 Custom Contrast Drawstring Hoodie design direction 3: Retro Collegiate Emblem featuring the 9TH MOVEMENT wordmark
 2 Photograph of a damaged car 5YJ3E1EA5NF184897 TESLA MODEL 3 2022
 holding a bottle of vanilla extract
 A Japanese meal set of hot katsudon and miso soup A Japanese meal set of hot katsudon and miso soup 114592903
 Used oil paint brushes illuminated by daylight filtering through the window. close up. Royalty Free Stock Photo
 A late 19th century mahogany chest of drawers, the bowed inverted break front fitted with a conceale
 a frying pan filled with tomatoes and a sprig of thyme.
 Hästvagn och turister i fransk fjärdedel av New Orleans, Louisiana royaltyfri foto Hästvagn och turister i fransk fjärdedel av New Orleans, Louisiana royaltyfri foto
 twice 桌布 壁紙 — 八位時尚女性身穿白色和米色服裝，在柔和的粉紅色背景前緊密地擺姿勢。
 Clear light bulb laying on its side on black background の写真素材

_TRY IT:_ Where the listing above reaches the line that contains "2 Photograph of", start retyping, and finish with the line that contains "A Japanese meal set of hot katsudon and miso soup A"; reproduce those lines exactly and no others.

_SOLUTION TO THIS TASK:_
 2 Photograph of a damaged car 5YJ3E1EA5NF184897 TESLA MODEL 3 2022
 holding a bottle of vanilla extract
 A Japanese meal set of hot katsudon and miso soup A Japanese meal set of hot katsudon and miso soup 114592903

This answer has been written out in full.